Je größer das Auto, desto geringer das Unrechtsbewusstsein: Die Stuttgarter Grünen-Politikerin Heike Schiller ärgert sich über Autofahrer, die im Heusteigviertel ganz bewusst falsch parken.
S-Mitte - Große Autos mit breiten Reifen – wohin der Blick fällt, das Heusteigviertel scheint jene anzuziehen, die sich in der Großstadt für die Wildnis ausrüsten. Geländefähige Fahrzeuge, SUV genannt, parken an allen möglichen und möglichen Stellen. Eben überall dort, wo sich gerade eine Lücke auftut.
Die vielen Parksünder scheinen Sanktionen nicht zu fürchten. Das liege nicht nur daran, dass Streifen des Ordnungsdienstes nicht rund um die Uhr im Heusteigviertel unterwegs sein können, meint die Anwohnerin Heike Schiller. „Ich habe einen Nachbarn, der selbst aus Bequemlichkeit im Halteverbot parkt. Der meinte, dass er sich das Knöllchen ab und zu gut leisten kann“, sagt sie.
Schiller wohnt seit Langem im Heusteigviertel. Sie sitzt auch für die Grünenfraktion im Verband Region Stuttgart. Sie betont, dass es ihr nicht um verkehrspolitische Standpunkte ihrer Partei gehe, sondern um den Ärger der Anwohner.
Größere Autos, kleineres Unrechtsbewusstsein
Das Heusteigviertel sei wie viele andere beliebte Innenstadtquartiere gentrifiziert, meint sie, während sie die Christophstraße entlangläuft. Das heißt, das viele Anwohner über ein gutes Einkommen verfügen. Sie könnten sich größere Autos leisten. Ihre Geldbeutel schmerzt ein Strafzettel weniger. Die Politikerin berichtete dem Bezirksbeirat Mitte auf seiner jüngsten Sitzung, wie der Hang zu immer größeren Autos und der schwindende Respekts vor Verkehrsregeln in den engen Straßen des Heusteigviertels zum Problem wird. Schiller bat als Vertreterin der Anwohner die Mitglieder des Gremiums, die Lage bei einem Rundgang selbst in Augenschein zu nehmen. Die Bezirksbeiräte sagten dies zu.

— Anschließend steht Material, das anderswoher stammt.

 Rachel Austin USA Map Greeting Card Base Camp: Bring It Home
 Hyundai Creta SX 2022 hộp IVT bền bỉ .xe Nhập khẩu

Schiller ist nun auf der Route unterwegs, auf der sie die Bezirksbeiräte durch die Straßen des Quartiers führen will. Sie zückt ihr Smartphone und wischt über das Display, während sie die Christophstraße Richtung Schlosserstraße entlangläuft. Schiller öffnet ein Foto auf dem Handy nach dem anderen. Auf ihnen sind Autofahrer zu sehen, die entweder von der Straßenverkehrsordnung keine Ahnung haben oder sie bewusst ignorieren. Die Fotos zeigen Autos, die direkt unter Halteverbotsschildern halten. Andere stehen in Einfahren oder auf Fußgängerüberwegen und besonders gern an Ecken. Auf einem anderen Foto ist ein Fahrzeug zu sehen, das fast den gesamten Fußweg für sich beansprucht. „Fußgänger müssen auf die Fahrbahn ausweichen, auch Kinder oder Ältere “, sagt sie.
Sogar Baumbeete als Stellplatz
Der Rundgang bestätigt, was Schiller mit der Kamera ihres Smartphones dokumentiert hat. Fast an jeder Ecke, die nicht durch Poller geschützt ist, steht ein Auto. Fahrzeuge parken am Mozartplatz direkt unter einem Halteverbotsschild. Autos halten an der Bopserstraße auch auf Baumbeeten. „Deshalb sehen die oft so schlimm aus“, sagt Schiller.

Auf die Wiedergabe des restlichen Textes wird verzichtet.